WHAT IS BEING ASKED =
Transcribe, word for word and without additions, each line below from the one containing "Vintage W Leather Motorcycle Jacket (1990s)" through the one containing "Funny Evolution Of Man Fly Fishing Visor", both ends included.

[SOURCE MATERIAL]

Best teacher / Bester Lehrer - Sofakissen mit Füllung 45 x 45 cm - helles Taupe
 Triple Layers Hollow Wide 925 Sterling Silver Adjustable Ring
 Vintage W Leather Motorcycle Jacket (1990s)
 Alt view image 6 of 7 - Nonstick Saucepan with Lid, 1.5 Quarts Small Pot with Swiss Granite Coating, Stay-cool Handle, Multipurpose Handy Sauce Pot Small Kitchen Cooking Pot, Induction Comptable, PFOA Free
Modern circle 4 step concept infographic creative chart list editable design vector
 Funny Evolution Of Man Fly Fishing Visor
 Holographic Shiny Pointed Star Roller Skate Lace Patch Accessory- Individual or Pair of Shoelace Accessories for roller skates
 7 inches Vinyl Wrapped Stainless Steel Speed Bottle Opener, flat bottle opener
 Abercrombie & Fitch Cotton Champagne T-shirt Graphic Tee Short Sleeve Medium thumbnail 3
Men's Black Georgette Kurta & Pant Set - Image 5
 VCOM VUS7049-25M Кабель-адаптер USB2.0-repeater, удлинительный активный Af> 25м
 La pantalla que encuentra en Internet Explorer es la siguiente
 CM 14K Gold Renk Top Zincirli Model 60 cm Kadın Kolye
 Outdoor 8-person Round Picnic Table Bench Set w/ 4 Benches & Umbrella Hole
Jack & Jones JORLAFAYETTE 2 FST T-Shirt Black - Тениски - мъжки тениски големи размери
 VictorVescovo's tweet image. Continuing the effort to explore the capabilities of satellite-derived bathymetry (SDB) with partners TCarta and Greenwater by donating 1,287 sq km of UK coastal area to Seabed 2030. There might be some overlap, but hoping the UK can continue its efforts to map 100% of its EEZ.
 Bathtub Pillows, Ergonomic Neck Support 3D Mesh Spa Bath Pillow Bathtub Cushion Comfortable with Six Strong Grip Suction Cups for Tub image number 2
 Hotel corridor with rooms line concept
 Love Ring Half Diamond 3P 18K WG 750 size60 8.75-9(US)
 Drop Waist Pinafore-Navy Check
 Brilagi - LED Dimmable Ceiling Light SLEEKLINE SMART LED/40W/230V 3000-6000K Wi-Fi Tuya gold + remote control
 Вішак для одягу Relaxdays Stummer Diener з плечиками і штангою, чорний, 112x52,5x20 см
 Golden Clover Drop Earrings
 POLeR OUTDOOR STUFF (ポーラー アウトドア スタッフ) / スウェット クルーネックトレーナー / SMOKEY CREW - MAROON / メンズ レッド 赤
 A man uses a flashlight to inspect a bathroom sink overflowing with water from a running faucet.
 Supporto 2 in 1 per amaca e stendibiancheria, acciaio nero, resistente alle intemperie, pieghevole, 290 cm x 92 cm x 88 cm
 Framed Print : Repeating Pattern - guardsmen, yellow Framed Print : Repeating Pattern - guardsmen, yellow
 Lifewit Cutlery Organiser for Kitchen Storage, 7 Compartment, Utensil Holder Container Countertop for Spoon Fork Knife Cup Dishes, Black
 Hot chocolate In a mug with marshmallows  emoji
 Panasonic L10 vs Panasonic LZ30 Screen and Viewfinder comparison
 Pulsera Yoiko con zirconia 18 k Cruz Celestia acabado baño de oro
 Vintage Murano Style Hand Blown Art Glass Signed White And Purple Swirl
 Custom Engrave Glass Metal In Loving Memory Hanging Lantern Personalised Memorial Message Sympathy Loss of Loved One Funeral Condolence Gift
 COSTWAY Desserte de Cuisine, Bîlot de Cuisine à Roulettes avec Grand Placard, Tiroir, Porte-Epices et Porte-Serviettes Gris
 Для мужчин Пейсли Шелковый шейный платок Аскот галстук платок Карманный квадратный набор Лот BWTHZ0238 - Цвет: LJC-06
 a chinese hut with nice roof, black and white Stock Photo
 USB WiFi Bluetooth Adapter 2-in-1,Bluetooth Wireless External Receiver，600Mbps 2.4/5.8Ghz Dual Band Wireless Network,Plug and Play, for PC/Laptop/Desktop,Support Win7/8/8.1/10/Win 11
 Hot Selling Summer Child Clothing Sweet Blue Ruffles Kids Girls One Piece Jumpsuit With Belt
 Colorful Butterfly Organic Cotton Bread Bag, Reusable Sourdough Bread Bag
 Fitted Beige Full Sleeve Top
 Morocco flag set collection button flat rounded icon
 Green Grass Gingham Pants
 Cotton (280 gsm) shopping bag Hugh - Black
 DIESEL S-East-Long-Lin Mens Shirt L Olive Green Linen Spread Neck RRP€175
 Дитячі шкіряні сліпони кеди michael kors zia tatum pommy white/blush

[/SOURCE MATERIAL]

RESPONSE AREA =
 Vintage W Leather Motorcycle Jacket (1990s)
 Alt view image 6 of 7 - Nonstick Saucepan with Lid, 1.5 Quarts Small Pot with Swiss Granite Coating, Stay-cool Handle, Multipurpose Handy Sauce Pot Small Kitchen Cooking Pot, Induction Comptable, PFOA Free
Modern circle 4 step concept infographic creative chart list editable design vector
 Funny Evolution Of Man Fly Fishing Visor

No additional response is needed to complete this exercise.